When is a Civil Contractor not a Civil Contractor?

Updated: Oct 30, 2019

Confusion still exists around when and if Civil Engineering Contractors are required to be licenced under the Queensland Building and Construction Commission (QBCC) regime in Queensland.


A contractor recently told me that he had been advised, in a phone call with the QBCC, that civil contractors are not required to be licenced. His contract is for the site preparation, site services, roads and driveways for small residential subdivisions. His contract is separate from the building contract.


The BiF Security of Payments Act - What’s in for a civil contractor?

Civil contracts generally do come under the protection of the Building Industry Fairness (Security of Payment) Act 2017 (BiF), covering the following work:


the construction, alteration, repair, restoration, maintenance, extension, demolition or dismantling of any works forming, or to form, part of land, including walls, roadworks, powerlines, telecommunication apparatus, aircraft runways, docks and harbours, railways, inland waterways, pipelines, reservoirs, water mains, wells, sewers, industrial plant and installations for land drainage or coast protection;

any operation that forms an integral part of, or is preparatory to or is for completing, work of the kind referred to in paragraph (a), (b) or (c), including— (i)  site clearance, earthmoving, excavation, tunnelling and boring;

The BiF and QBCC Acts gives civil contractors access to all the protections of the Act, including the right to seek adjudication (or apply to a court) for disputed or late payment, protection in the event of suspending work for non-payment, the protection of project bank accounts in some circumstances, the right to seek a subcontractor’s charge over moneys owed, no pay-when-paid clauses, maximum payment terns and more.


When is a Civil Contractor not a Civil Contractor?

Answer: When the contractor requires a QBCC licence.


The QBCC Act defines the requirement for a QBCC licence, as follows:

building site means a place where building work has been, is being, or is to be, carried out;

building work means:

(a) the erection or construction of a building; or

(c) the provision of lighting, heating, ventilation, air conditioning, water supply, sewerage or drainage in connection with a building; or

(e)  any site work (including the construction of retaining structures) related to work of a kind referred to above; (ie., building construction)


The QBCC Act, section 42(3), dis-entitles an unlicenced contractor to ANY “monetary or other consideration” under a contract (other than what the contractor is required to pay to subcontractors and suppliers).


There are a number of Queensland Court judgements that make it clear that a contractor who has undertaken unlicenced building work as part of a contract or subcontract is not entitled to be paid under section 42 of the QBCC Act and is not entitled to use the BiF (formerly BCIPA) to recover a disputed payment (read more about that here).

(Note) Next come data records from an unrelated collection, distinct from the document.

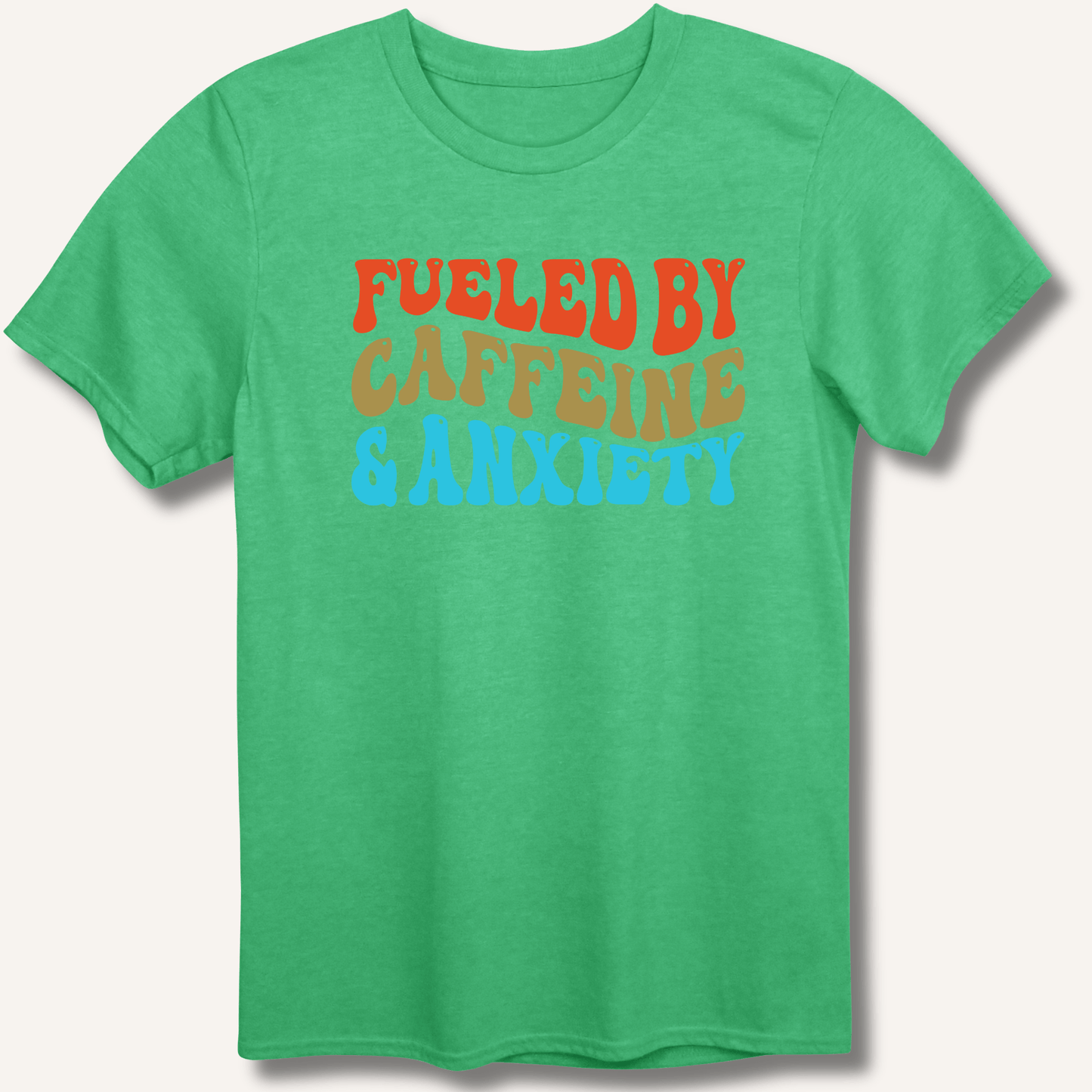 Fueled By Caffeine & Anxiety T-Shirt - Sip & Shirt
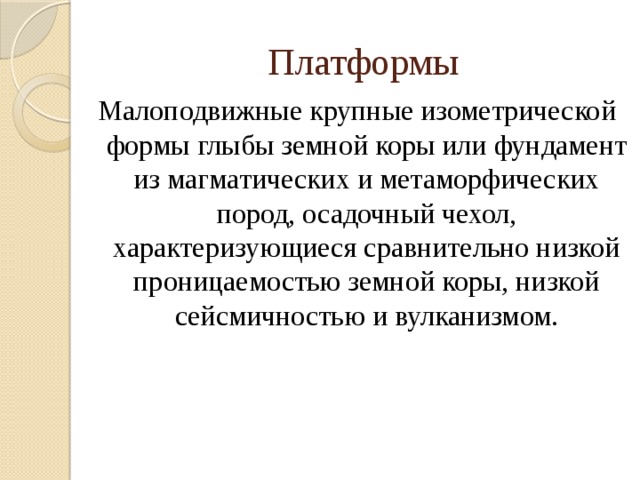 Платформы Малоподвижные крупные изометрической формы глыбы земной коры или фундамент из магматических и метаморфических пород, осадочный чехол, характеризующиеся сравнительно низкой проницаемостью земной коры, низкой сейсмичностью и вулканизмом.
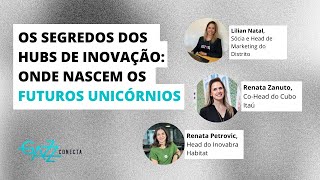 Cubo Itaú, Inovabra Habitat e Distrito: os segredos dos hubs de inovação | EVENTO GazzConecta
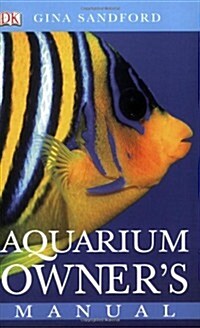 Aquarium Owners Manual (Paperback)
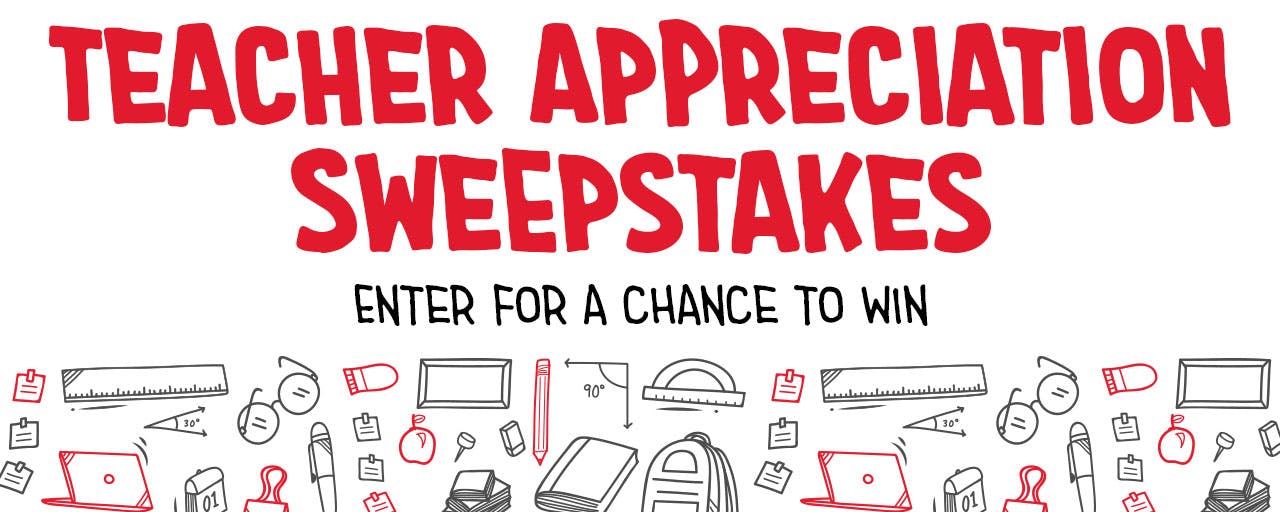 Teacher Appreciation Sweepstakes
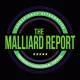The Malliard Report 24/7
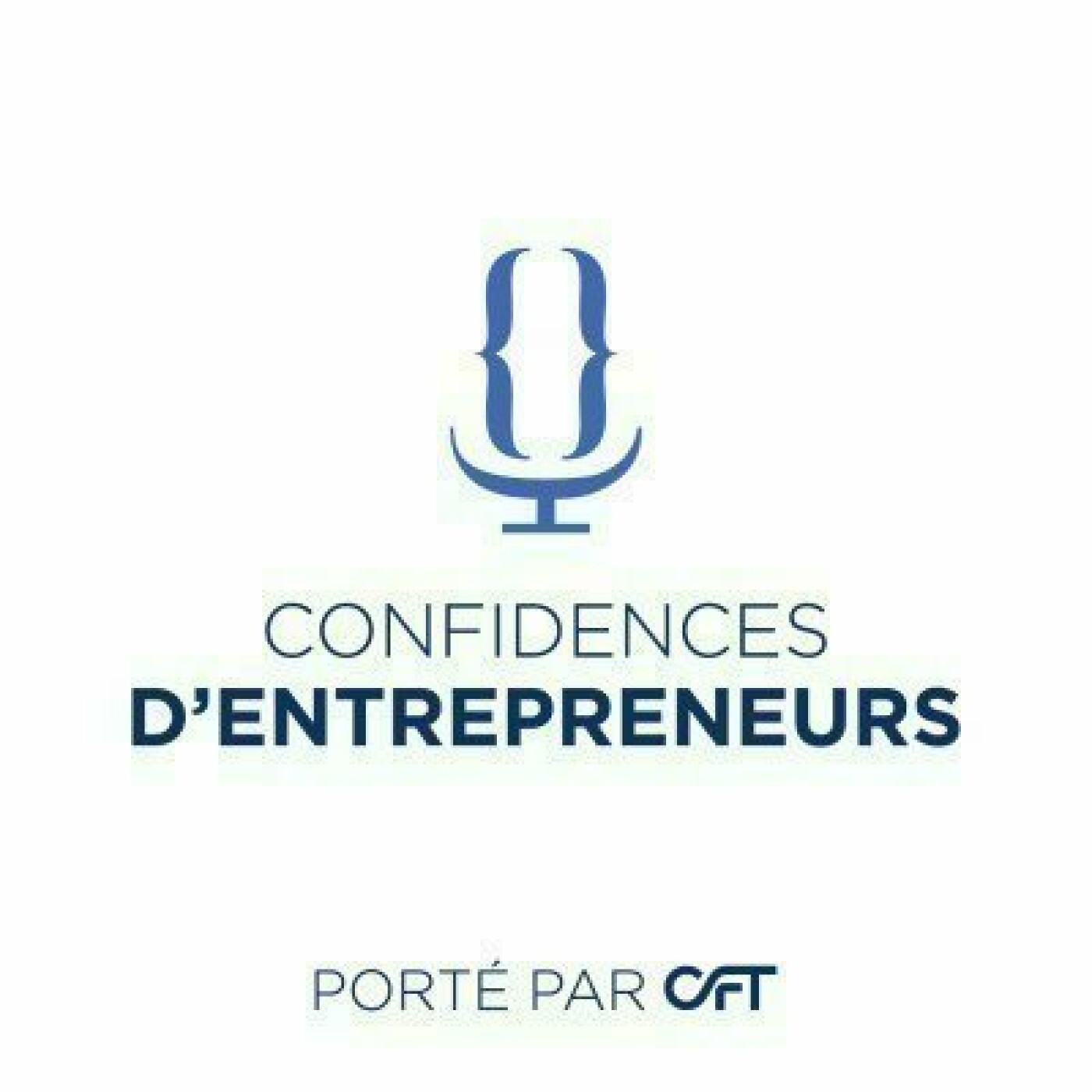 Confidences d\'Entrepreneurs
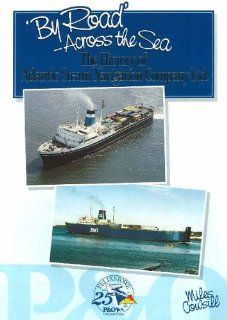 By Road   Across the Sea The History of Atlantic Steam Navigation Company Ltd Miles Cowsill 9781871947076 Books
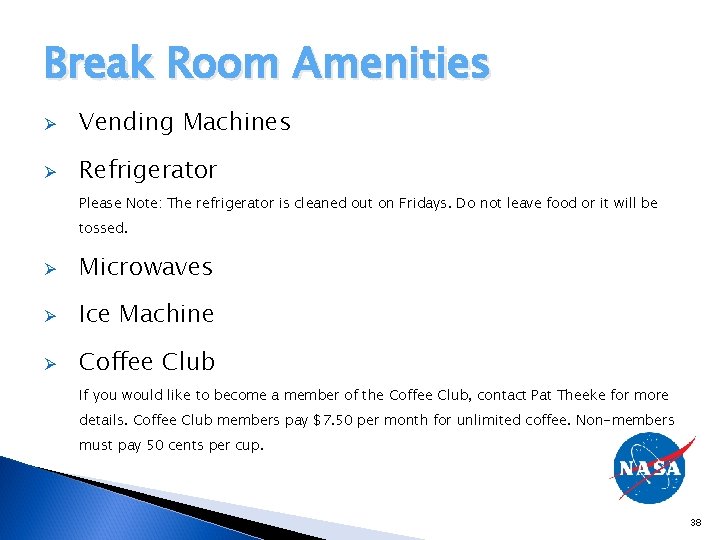 Break Room Amenities Ø Vending Machines Ø Refrigerator Please Note: The refrigerator is cleaned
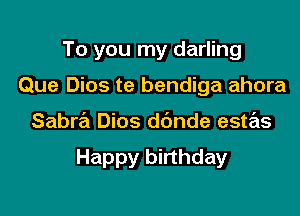 To you my darling
Que Dios te bendiga ahora

Saba Dios d(mde estas

Happy birthday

The operative words here are “where building work is to be carried out”.


We know of at least one Queensland adjudication where an unlicenced civil contractor, undertaking a subcontract for site preparation and carpark construction for a shopping centre, was prevented from accessing the BCIPA (now the BiF) Act, to recover a disputed payment claim partly because it was not licenced under the QBSA (now the QBCC).


It is likely, in the event of a disputed payment claim, that a client, on professional advice, would seek to prevent an unlicenced civil contractor working on a site where building work “is to be” carried out from ANY payment for its own work or from accessing adjudication or the Courts under the BiF Act to recover moneys owed.


This could include residential subdivision work, shopping centre carparks and other work that would normally be regarded as civil contracting, where they are in preparation for building work of any kind.


In my opinion, an unlicenced civil contractor who undertakes work on any site in preparation for or where building work is to be carried out is putting itself at risk of payment in the event of a dispute. The contractor should either obtain an appropriate QBCC licence or obtain a clear, written advice from the QBCC that it does not require a licence for the work it proposes to undertake.